■ The problem ■
The output must be exactly the lines from the "Welcome to my" line through the end of the listing below, with no picture included.

■ Exercise input ■
=======

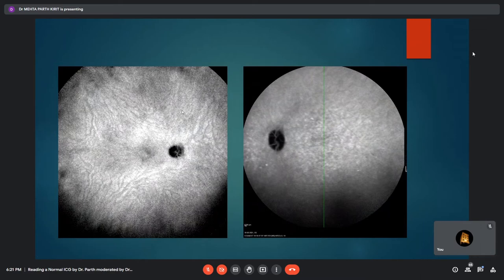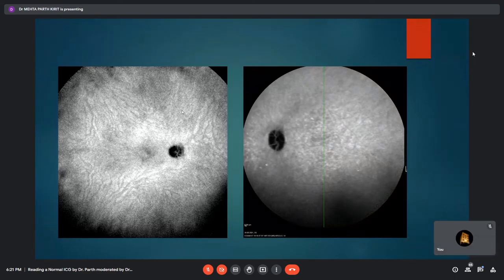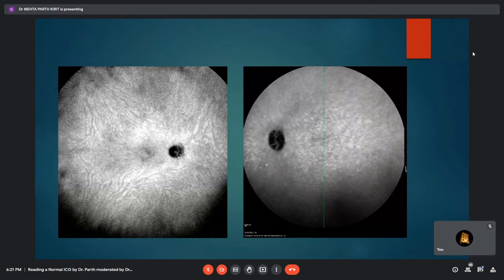A teaching point: which other investigation shows hypofluorescence of the optic disc? The answer is fundus autofluorescence. Hypofluorescence of the disc is very typical of both ICG angiogram and fundus autofluorescence. This is useful when you are not sure what investigation you are identifying — just look at the optic disc to tell them apart, since fluorescein angiography fills the retinal arteries while ICG also fills them, but the disc hypofluorescence is characteristic of ICG and autofluorescence.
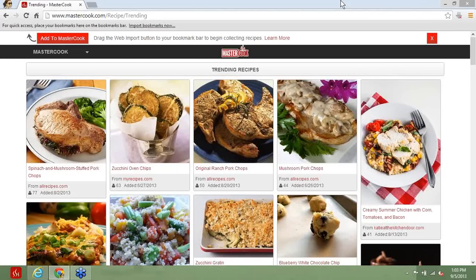Welcome to MasterCook's very first webinar. My name is Pam Erickson, and I'm here with the MasterCook team. Some of you may already know me. I provide technical support to MasterCook users through the support forum. I'm also a contributing member of the MasterCook discussion group on Yahoo! Groups.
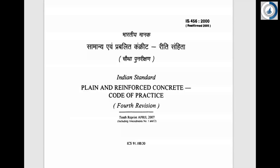Hello friends, welcome back to All About Structural Analysis and Design. I am Swati Joshi, colleague of Abhijit Sir. I will be explaining here a few of the clauses of IS-456-2000. Welcome to the series for IS-456-2000.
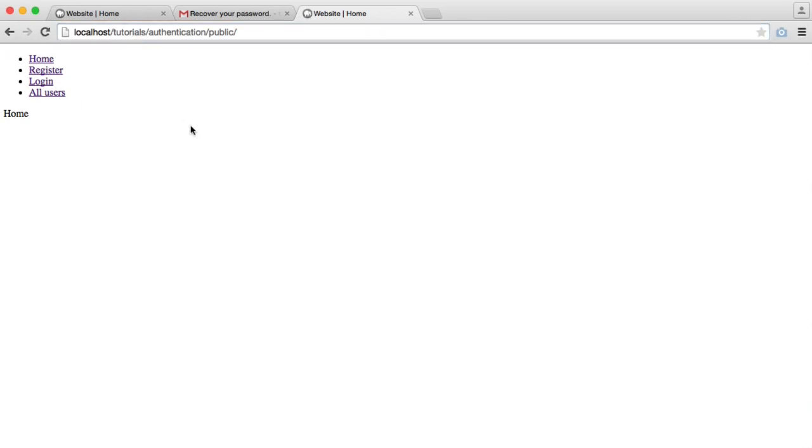So that's what we're going to be building. We are basing the authentication system on the SLIM2 framework. But if you've not worked with a framework before, don't worry too much. We're going to go over how we install everything that we need to get up and running with this. It's very straightforward once you get used to it. So that's the authentication system. Let's jump into the next part where we're going to start to set everything up.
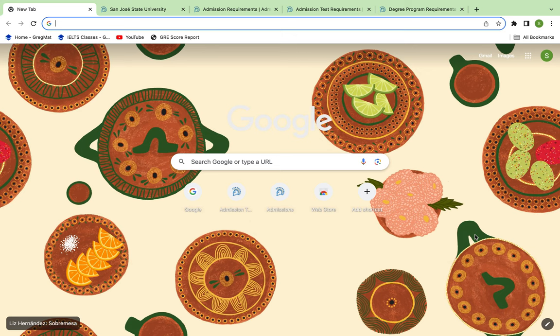Welcome to my channel. Today we are at SJSU, which is San Jose State University. We will see its admission requirements for the master's program — how much GRE you need, how much AWA score, how much TOEFL score, and how much GPA is required for the master's program.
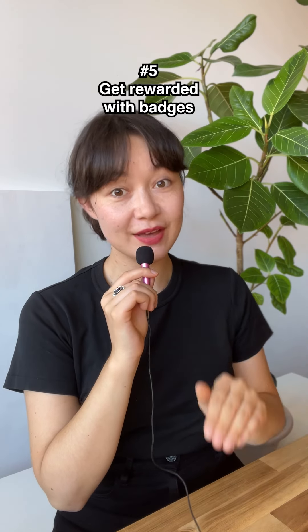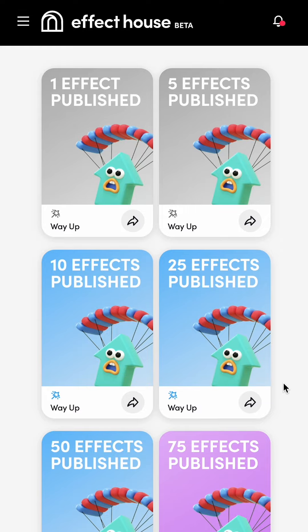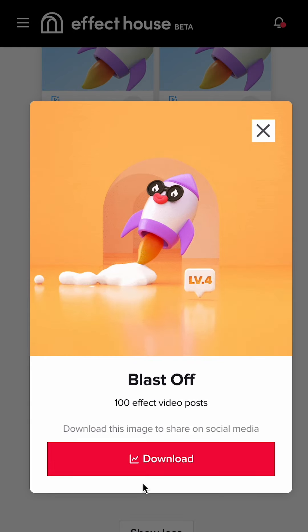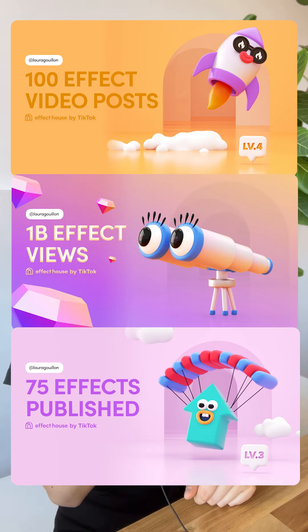And finally, tip number five, get rewarded with badges. Now, when you make a promotion video for your effect, TikTok will reward you with a badge. Super cool — here's what it looks like.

=======

■ Result ■
Welcome to my channel. Today we are at SJSU, which is San Jose State University. We will see its admission requirements for the master's program — how much GRE you need, how much AWA score, how much TOEFL score, and how much GPA is required for the master's program.
And finally, tip number five, get rewarded with badges. Now, when you make a promotion video for your effect, TikTok will reward you with a badge. Super cool — here's what it looks like.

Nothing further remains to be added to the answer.